Russia invading its neighbors is a tale as old as time and the US is almost an irrelevant variable, except for the part where becoming a formal member of The West is an alternative and insurance policy for counties at risk of Putinization. Ukraine was moving towards the EU and Putin did not want that trend to succeed.

and didn’t cooperate with inspectors

He cooperated with inspectors when threatened with war, which made it rather awkward for the US when they wanted to invade regardless.

No one was thinking Putin was going to try to conquer Ukraine

But you are the one who said this is what Russia always does and that any other view is 'simply not justified by any understanding of Russian foreign policy for the last century'. How can it be stupidly obvious that Russia is this perennially imperialist power but nobody cottoned onto an invasion of Ukraine?

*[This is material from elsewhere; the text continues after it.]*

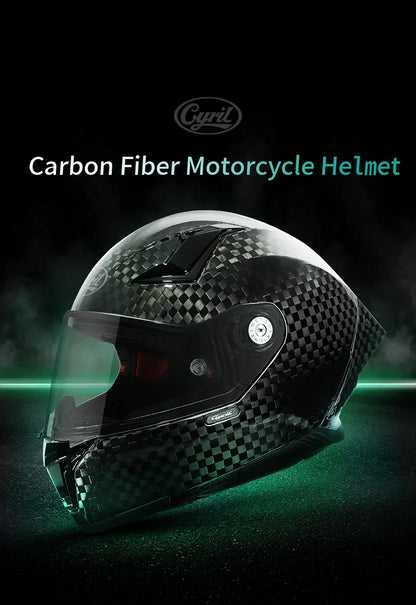 Full Face Motorcycle Helmet, Carbon Fiber Tail Wing Multiple Gear Adjustment, Unisex Helmet DOT ECE Approved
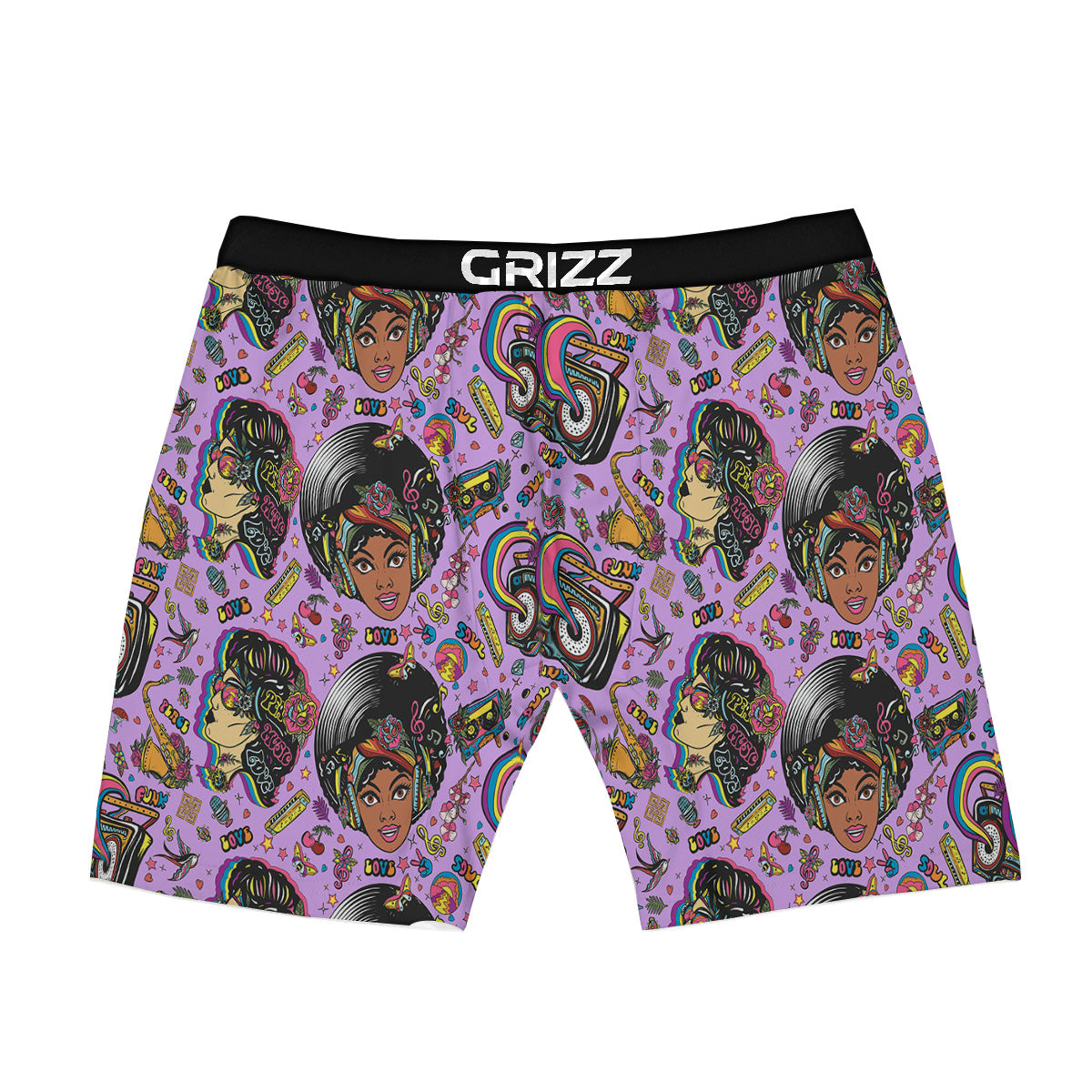 Hippie Retro Funky Women Print Pattern Boxer Briefs-grizzshop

That's exactly what they'd expect if they took their own model seriously!

Or, if they expected Ukraine to get crushed in three days, why would they not come to some kind of diplomatic solution before the war, where they agreed not to expand NATO into Ukraine? That's what Putin asked for and they refused.

Mearsheimer put the pieces together and said 'if we proceed down the NATO expansion road with Ukraine then the Russians will wreck the country so we should just do nothing' back in 2014, his foresight is unmatched. But nobody bothers to listen to Mearsheimer, despite being correct on all the issues. He even foresaw that the Russians would struggle to take the whole country. Yet he's routinely derided and ignored by the whole security establishment because he doesn't want to get into these dangerous, expensive conflicts.

don’t pretend the West caused Putin to regress to the USSR/imperial mean.

We can't go around undermining and dissecting Russia's friends, be seen installing new anti-Russian regimes on Russia's borders, fabricate stories about Russian election interference and not make enemies with Russia. That's just not how it works.

Ukraine was moving towards the EU and Putin did not want that trend to succeed.

Prior to the coup, Ukraine was moving towards Russia.